Destaca por su abultada extensión (más de 750 páginas), por sus incursiones históricas en el arte de la edición y en oscuros episodios atávicos, más que por su interés intrínseco y su tono narrativo; uno de los relatos menos intrigantes y emocionantes, sobre todo en sus primeras ¡500 páginas!, me comentó sobre la marcha Arsenio. Me recordó el comentario que una vez leí en el diario “El País” sobre una exitosa magna -en tamaño, inequívocamente- novela. Hasta la página 700 no se entraba en faena. Me cuesta trabajo creer que, en un relato connolliano, conocidos sus ingredientes básicos, pueda ocurrir algo semejante.

También me informó de que, en esta ocasión, acompañado de un equipo más amplio que el habitual, Parker viaja a Holanda e Inglaterra, en busca del rastro de los dos funestos y letales personajes que lograron escabullirse en la anterior aventura. Dos de los seres más malignos y siniestros de toda la saga parkeriana.

Por otro lado, incidentalmente, desde sus primeras publicaciones, Connolly se ha mostrado siempre como un pulcro estilista de la fineza política, lo que es un rasgo consustancial de sus creaciones.

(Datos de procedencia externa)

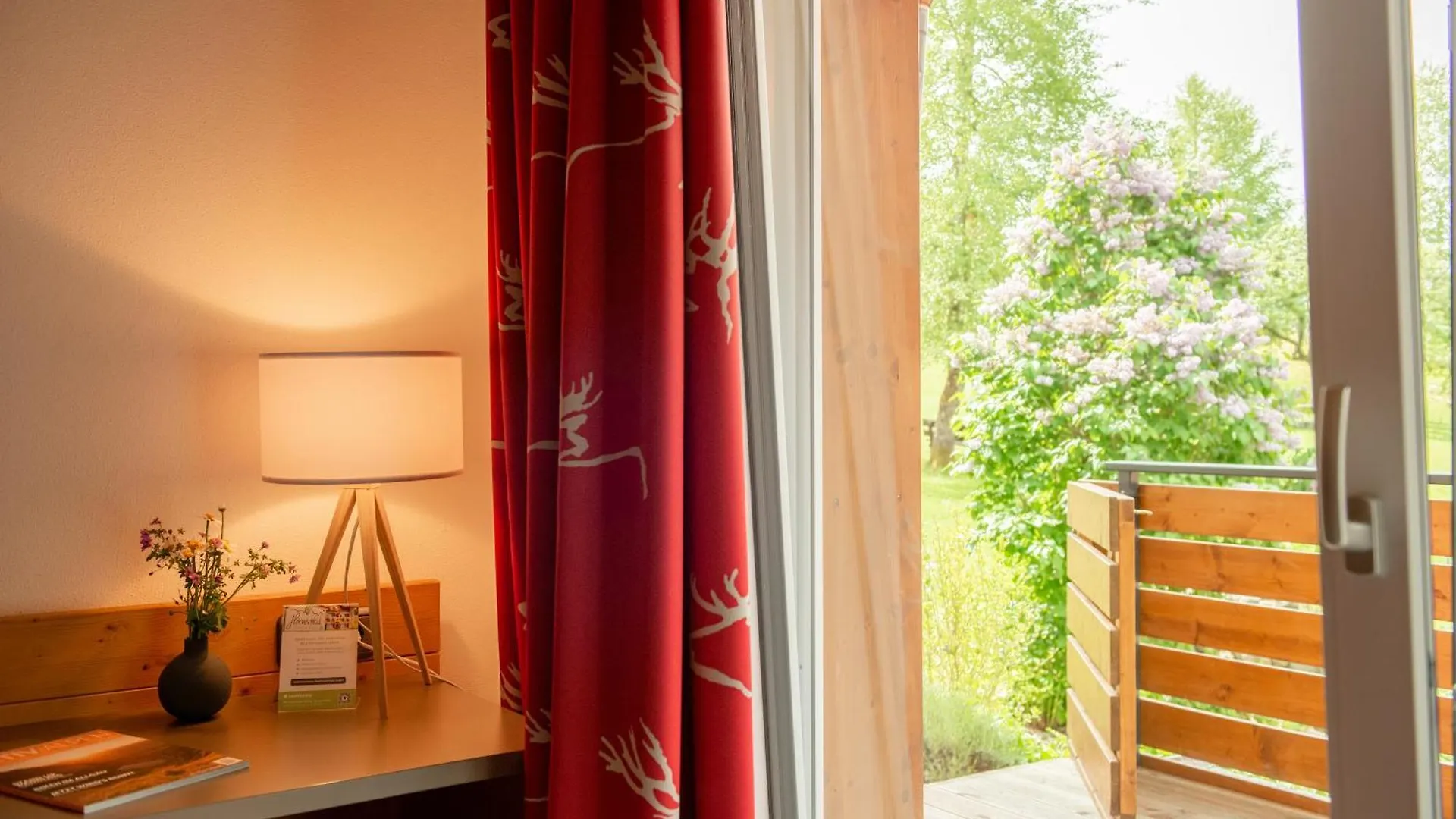 Πανσιόν Gaestehaus Hoernerblick Ofterschwang Γερμανία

En este último caso, según parece, extrema esa sensibilidad, en opinión de mi interlocutor, y hace una clara ostentación de ella.

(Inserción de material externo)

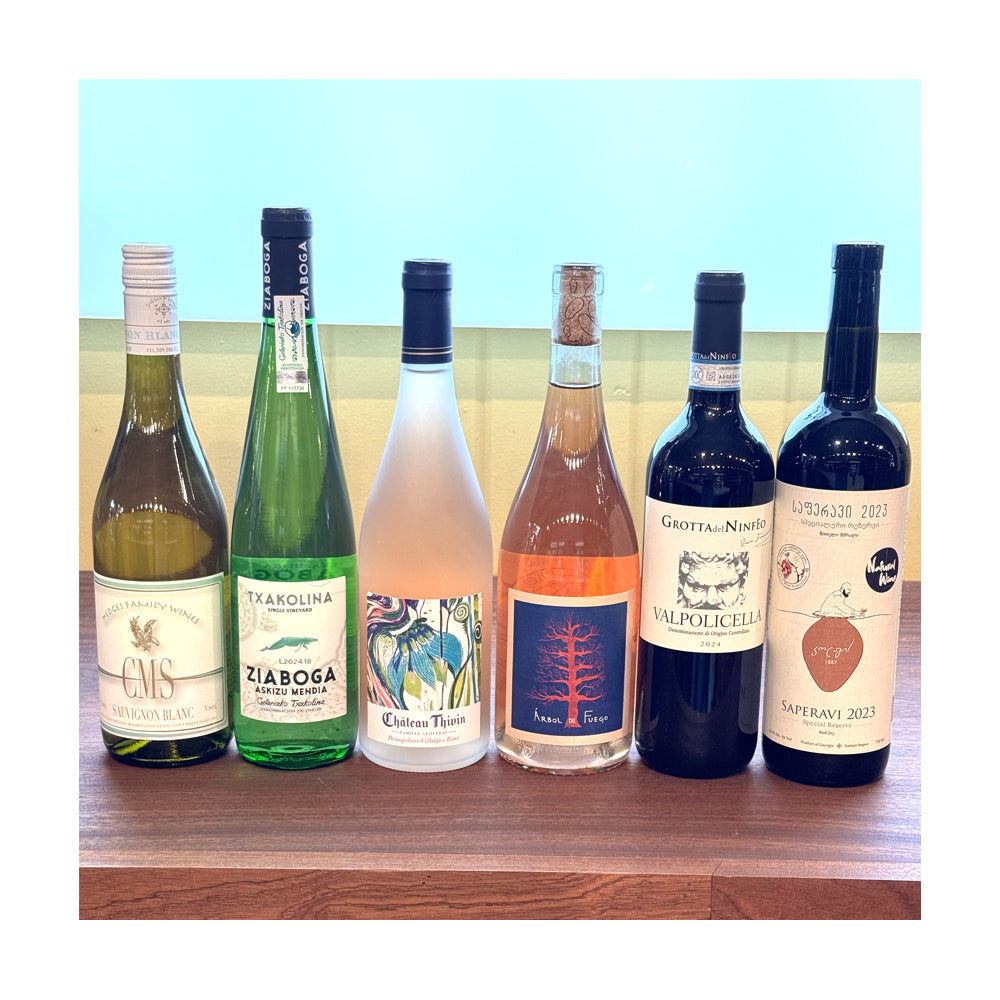 Wine 101: Sip Into Spring!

Pese a tales antecedentes, a tenor del considerable poder de atracción de las narraciones de Connolly, no hay que descartar el riesgo de caer de nuevo en la trampa de la lectura, con el consiguiente peligro de adentrarnos, no ya en una zona de rendimientos decrecientes, sino negativos. Así las cosas, ante este tipo de tesituras, no queda otra salida que decantarse entre permanecer con la imagen que ya se tiene del autor y su obra, y el riesgo de que aquélla se deteriore. Nunca hay excluir, por supuesto, la posibilidad de que, no obstante las indicaciones recibidas, aguarde alguna sorpresa positiva.

Pero, ya se sabe, para optar a esa oportunidad potencial, hay que incurrir en un coste de oportunidad, que, según los indicios, no ha de ser despreciable. Así pues, la elección está sobre la mesa: aprovechar el ejemplar, aún impoluto, para un obsequio, o abrirlo e iniciar la lectura. En función de la experiencia, comenzada hace años con “Todo lo que muere”, sí creo que optar por esta última implicaría una alta probabilidad de completarla. Haber atendido a aquella observación del crítico de “Babelia” tal vez me privó de algún disfrute extraordinario. Ya no tiene remedio, pues no consigo recordar el nombre del autor.